Allie Larsen is hiding something. And hell or high water, I’m going to find out what.

Chapter 23

Allie

I push open the heavy, ornate door of the Russian bathhouse, my heart doing a salsa routine against my ribs. Even though it’s only the lobby, humid air greets me like a warm, damp hug, cloaking the nervous tremble in my hands as I hand over my credit card for a day pass.

“It’s an extra five dollars if you want to get our water-safe phone covers,” the woman offers me.

“Meaning…we’re allowed to keep our phones on us?” I ask.

The woman nods, smiling. “Many of our customers like to listen to music while they relax,” she says with a knowing smile, her accent rolling thers into a melody.

“Thanks, I’ll need all the relaxation I can get,” I quip, sliding my phone into the protective embrace of the waterproof case.

She runs my card and hands it back to me with a slip and a pen.

I pause with pen in hand as she also hands me an intake sheet to fill out. Should I have paidcash? Used a fake name? Maybe they won’t be able to trace the credit card I used back to this specific intake sheet? Oh well. Maybe it’s a little late now, but nonetheless, I scribble a fake name down on the intake sheet, then with my phone secured, I go through the doors into the women’s locker room. Even though most people apparently choose to go through the bathhouse only clad in their birthday suit and robe, I brought my bathing suit to wear. And I snuggle into the lush robe provided to me at my locker.

Feeling like a detective in one of those old black-and-white films, I slip out of the locker room and make my way down the silent hall. Except I’m about as stealthy as a cartoon character on a covert mission. My eyes sweep across the dimly lit corridor, every shadow and whisper an invitation to uncover secrets or a potential pitfall.

“Okay, Allie, you’ve got this,” I mutter under my breath, channeling every Nancy Drew cell in my body.

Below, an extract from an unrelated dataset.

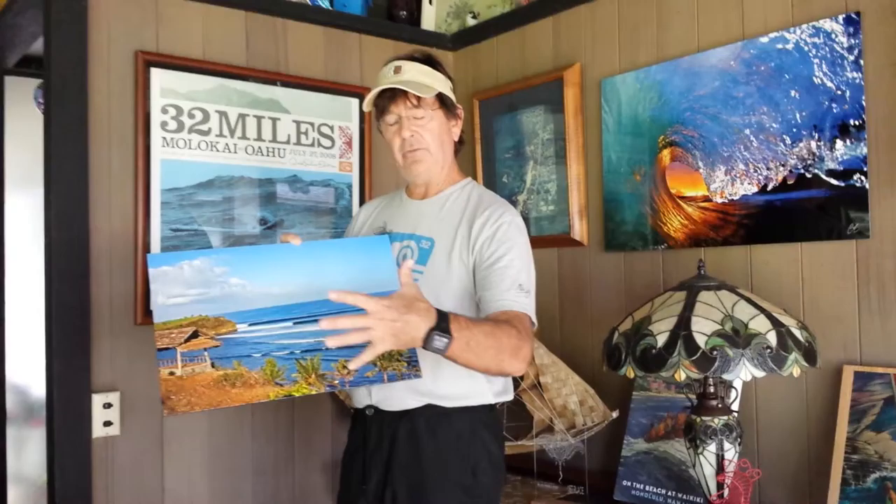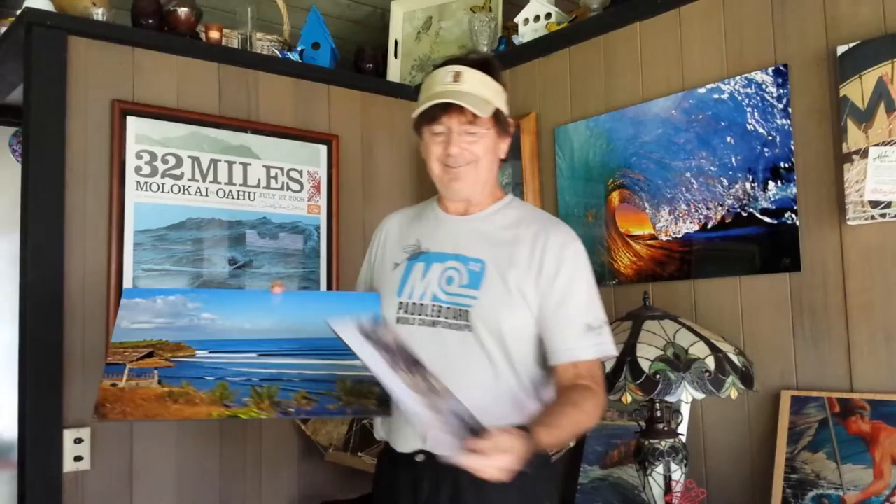The UV gloss enhances the photo, and this black background also helps to bring out the colors in the photo. You can do it in different sizes — it doesn't matter what the size of the photo is. Here's a small one; it's an 8x10. This is a larger one. Both of them are mounted.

I hear laughter and low conversations ahead through a door marked “Gender Neutral Common Room.”

With a deep breath, I open the door and enter the room. Lounge chairs are set up surrounding a steaming pool with a waterfall at the far end. I pretend to ignore the conversation as it ebbs and flows around me, the Russian syllables weaving through the air like an exotic dance I can’t quite follow. I strain my ears, trying to catch a thread of meaning, but it’s like listening to a radio station just out of range—mostly static with the occasional clear note.

“Spasibo,” someone says, and I latch onto the word like a lifeline—it means “thank you,” one of the few phrases I picked up from a fling with a language app. But that’s where my understanding ends, the rest of the chatter slipping away from me, elusive as the steam that coils around my ankles.

I move closer to a group perched near the heat of the sauna, their voices a low hum. If I can just pick up something, anything useful... But no, it’s all whispers and the hush of heated air swirling through the space, wrapping around my skin and urging me to let go, to breathe and forget why I’m really here.

I lower onto a lounge chair close enough to the group to eavesdrop, but not so close to look like I’m creeping on them.

As I sit down on the lounge chair, the wood snaps beneath me and the whole chair collapses. It’s a sound that’s too loud in the quiet buzz of the bathhouse, a quirky hiccup of sound that has no place in this clandestine setting.

One of the men, a hulking Russian man with a black cropped beard and beady dark eyes, comes over, offering me a hand.

Nervously, I take it and immediately notice the press of a large, gold thumb ring against my hand. Three little rubies press into my palm as he pulls me to my feet and I can’t help but remember what Thatcher had told me about the mark on his wife’s neck.

I gulp as he points to a sign that’s on the now broken chair. “Out of Order,” he says. “The chair was broken already.”

Unfortunately for me, the sign is written in Russian, so even if I had been paying attention, I wouldn’t have known not to sit there.

I shrug and give him the only response I can think of…the truth. “I don’t speak Russian.”

“Then what are you doing in a Russian bathhouse?” the man asks, his Russian accent thick like molasses.

“A friend of mine told me about this place. Said it was…very relaxing. I thought I’d give it a try.”

His gaze skims over me, assessing and I’m not sure what it is about this man, but he’s unnerving to my core.

His touch on my arm is gentle, but it’s firm. Firm enough for me to realize this isn’t a man to be messed with. He could crush me with his thumb if he wanted to. “Here,” he says, leading me to a lounge chair near their group. “This one is not broken,” he says.

Before I can say thank you, he’s turned his back to me and is heading back to his group.

I’m a sore thumb in a sea of subtlety, but I square my shoulders and press on. Because somewhere in this fog, there’s a clue waiting to be found and something tells me this man holds the key to the mystery.

I pull out my phone and open Google Translate, hoping for some digital espionage assistance. The screen’s soft glow illuminates my face as Russian words float through the air, snagging on the app’s net.